▸ **Image-text web data**
• • • • •

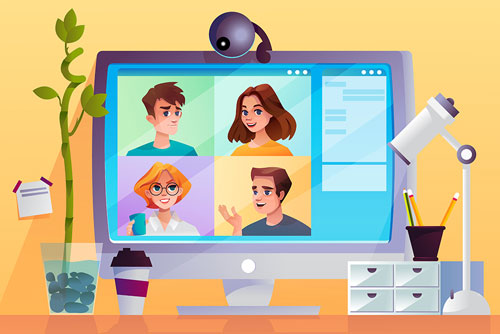 وکتور EPS داشنجویان حاضر در کلاس آموزش آنلاین ویژه روز دانشجو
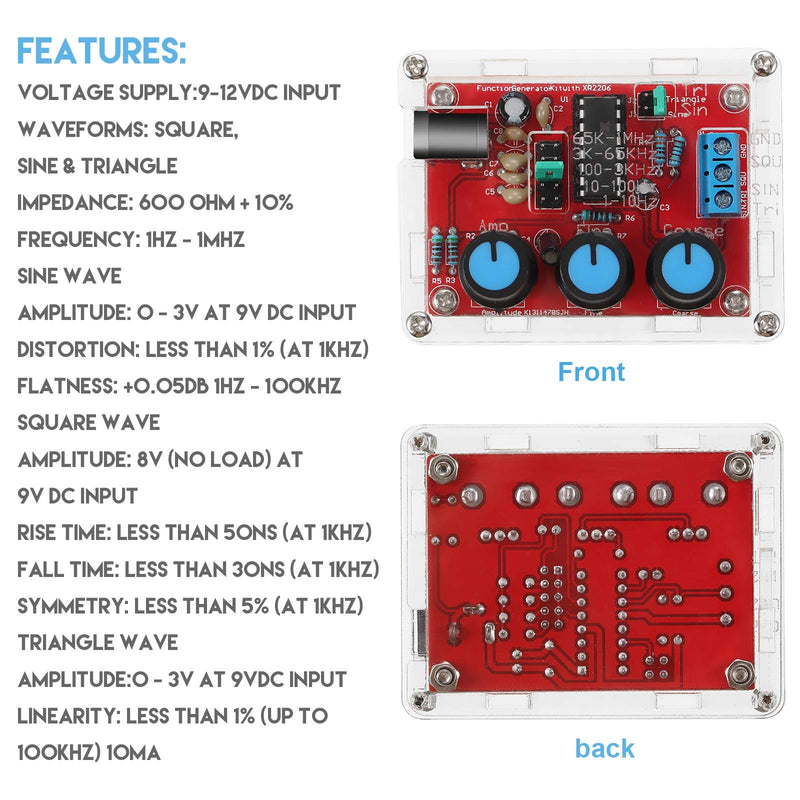 [Australia - AusPower] - Weewooday Signal Generator Kit, XR2206 Precise Function Signal Generator Frequency Module Signal Generator DIY Kit Sine Triangle Square Output Adjustable 1Hz-1MHz, 9-12V DC Input (1) 1 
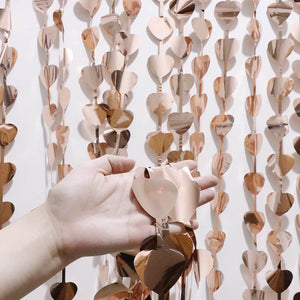 1m x 2m Heart Tinsel Foil Fringe Curtain - Pink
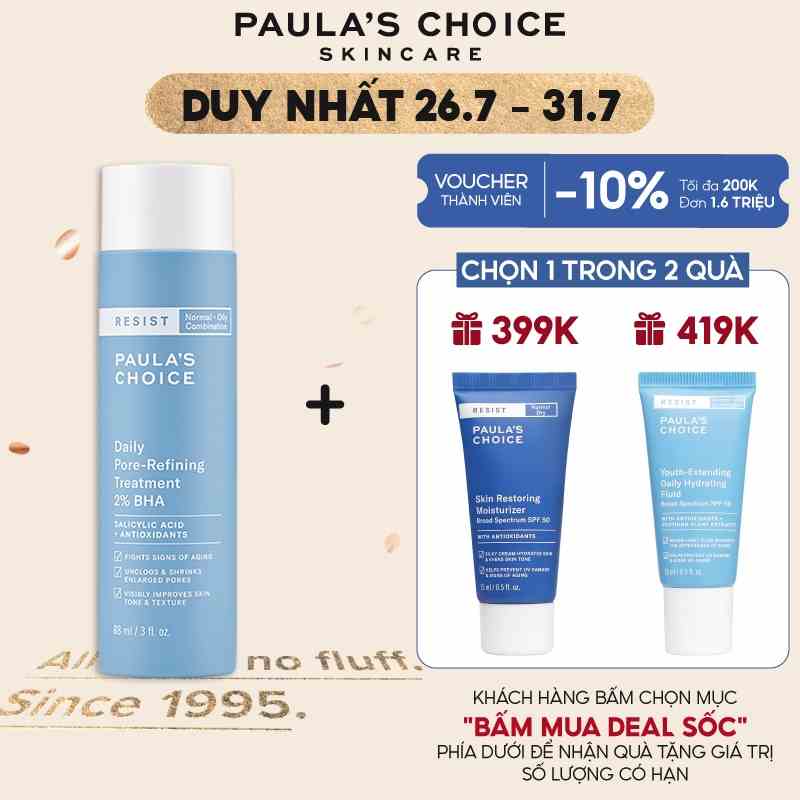 Dung dịch tẩy da chết, thu nhỏ chân lông Paulas Choice Resist Daily Pore Refining Treatment 2% BHA 88ml  - 7820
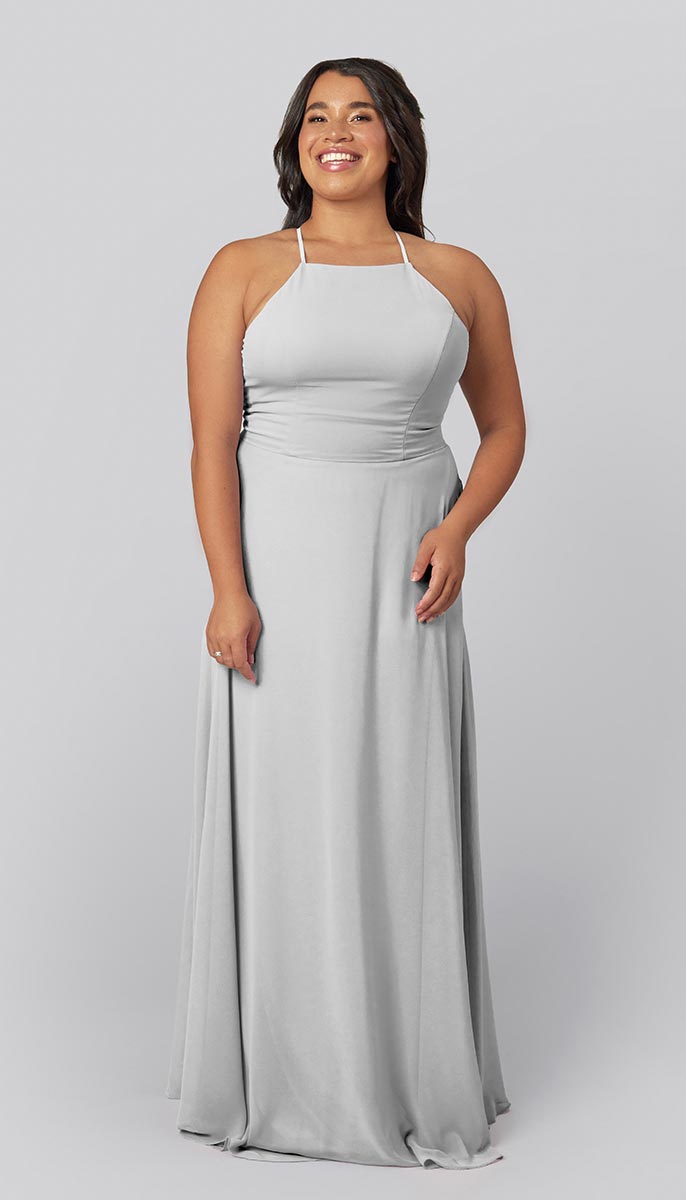 plus size grey bridesmaid dresses Imani Graceful One Shoulder Slit Long Chiffon Plus Size Bridesmaid Dre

• • • • •

▸ **WORK ITEM**
Write out exactly the stretch of lines that begins with the line containing "Dung dịch tẩy" and ends with the last line of the records above, leaving out the pictures.

▸ **ANSWER BOX**
 Dung dịch tẩy da chết, thu nhỏ chân lông Paulas Choice Resist Daily Pore Refining Treatment 2% BHA 88ml  - 7820
 plus size grey bridesmaid dresses Imani Graceful One Shoulder Slit Long Chiffon Plus Size Bridesmaid Dre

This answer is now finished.